13. The principle is squarely applicable to the facts of the present case also. In this case also the only allegation of the first respondent is that he is aggrieved by the defamatory imputation against his community and not against him individually. In K. M. Mathew v. Balan, 1984 Ker LT 893: (1985 Cri LJ 1039) the imputation was against some leaders of the teachers who were on strike. It was held that all the leaders will hot suffer their reputation and a member of an unidentifiable group was not entitled to maintain an action. In this case even if Exts. P3 and P4 contained any defamatory imputations, since the allegation of the first respondent is only that they are against the Syrian Christian Community as a whole which is not an association or collection of an ascertainable body of persons, no member of the community could say that he was individually defamed. There are no defamatory words or imputations which could be said to have been levelled against the first respondent. It follows that he cannot claim to be an aggrieved person. Hence a complaint filed by him was incompetent under Section 199 of the Cr. P.C.

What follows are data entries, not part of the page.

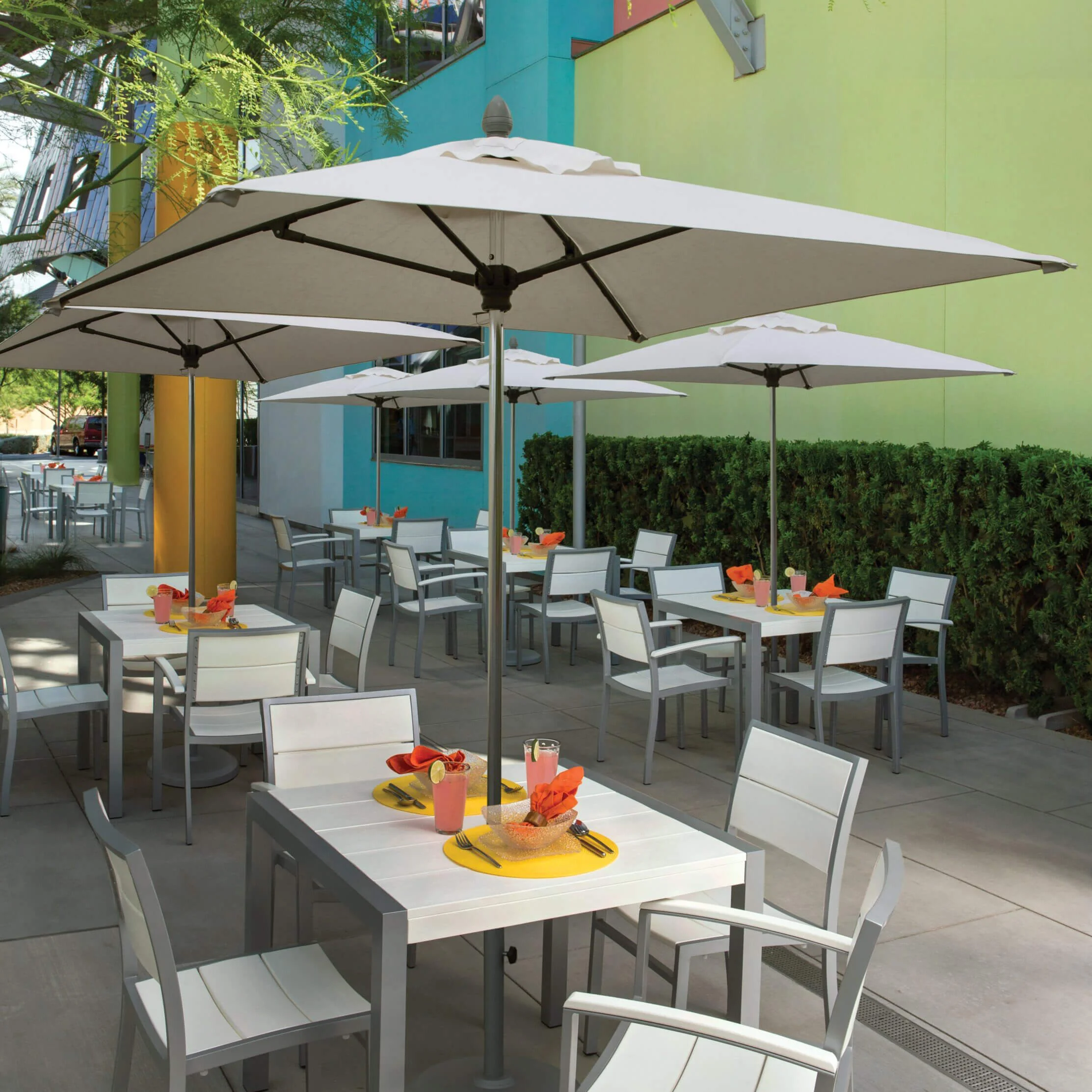 Lucaya-6ft-Sq-Environmental-scaled-1 Outdoor patio furniture set with white tables and chairs under large umbrellas.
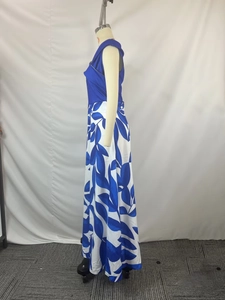 Detail of floral print maxi dress with blue leaf patterns and sleeveless bodice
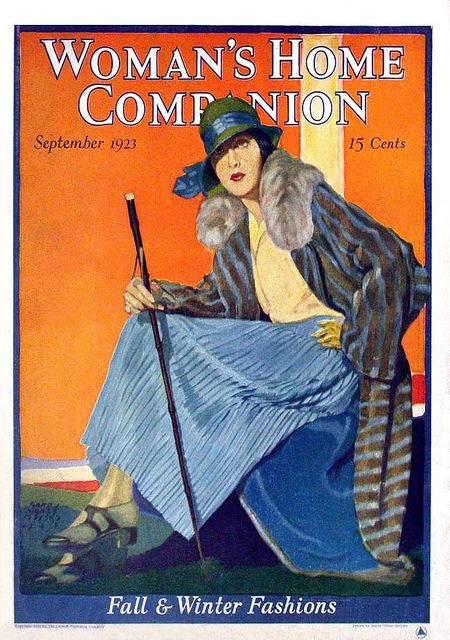 1920s Vintage Magazine Cover from 'Woman's Home Companion', September 1923 featuring an illustration of a woman in 1920s Fall & Winter Fashions. 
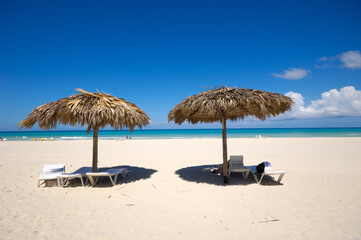 Beach with parasols and sunbeds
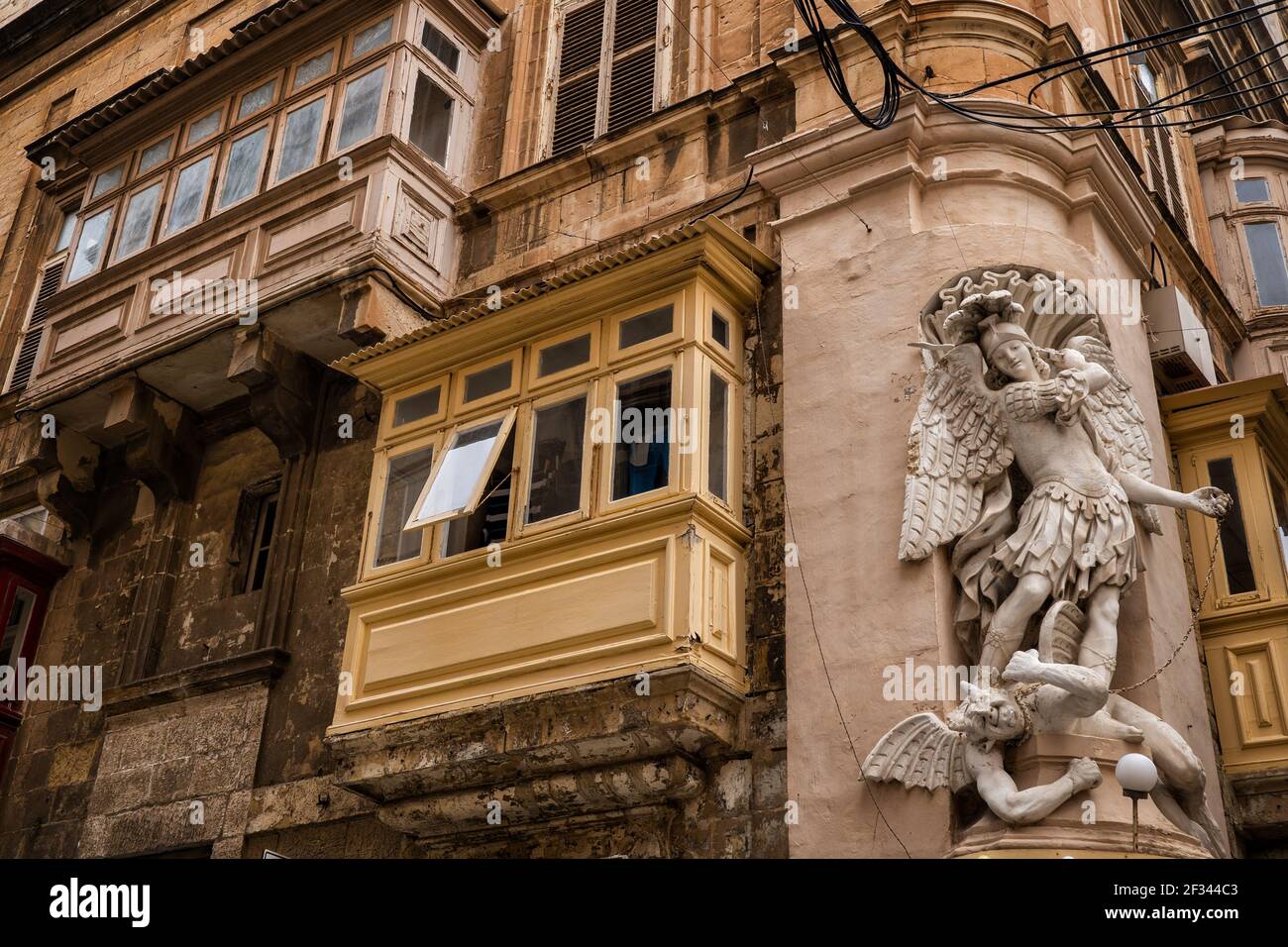 Traditional Maltese houses with wooden covered balconies and St Michael the Archangel vanquishing the devil statue on building corner in city of Valle Stock Photo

14. Even the alleged defamatory imputations are only against some among the Syrian Christian girls working abroad and some of the Syrian Christian ladies who became nuns. Probably their families also could be said to have been defamed. These girls or the ladies who became nuns or their families form only a section of the Syrian Christian Community which itself is unascertainable. They are only unascertainable and indefinite individuals or groups among the Syrian Christian Community. The complainant cannot say by any stretch of imagination that he will come within that group so that he could claim that he was individually defamed. There is no imputation against the Syrian Christian Community as such, even taking for granted that the first respondent was competent to file a complaint as a member of that community or on behalf of that community. Mother Theresa is a living Saint and even if there are defamatory words or imputations against her, the 1st respondent has no locus standi to file a complaint. Mere membership of the Syrian Christian Community which is said to have been defamed, does not render the 1st respondent a "person aggrieved".
15. The complaint is ill-conceived and ill-advised. It was more actuated by publicity motive than by the motive of vindicating justice. A person who was interested in vindication of justice alone would not have filed such a complaint. The Magistrate has taken cognizance without caring to ascertain whether the complainant is an aggrieved person and if so even accepting all the allegations in the complaint to be correct whether it amounts to the offence alleged. The action of the Magistrate in taking cognizance and issuing process amounts to abuse of the process of court. It is the duty of this Court to avoid the harassment of an unnecessary trial. Therefore there cannot be any dispute that this Court is not only entitled but is also bound to interfere in order to secure the ends of justice by preventing the abuse of process of court.
The Crl. M.C. is therefore allowed and the complaint in C.C. 138/85 on the file of the Judicial First Class Magistrate, Vaikom is hereby quashed.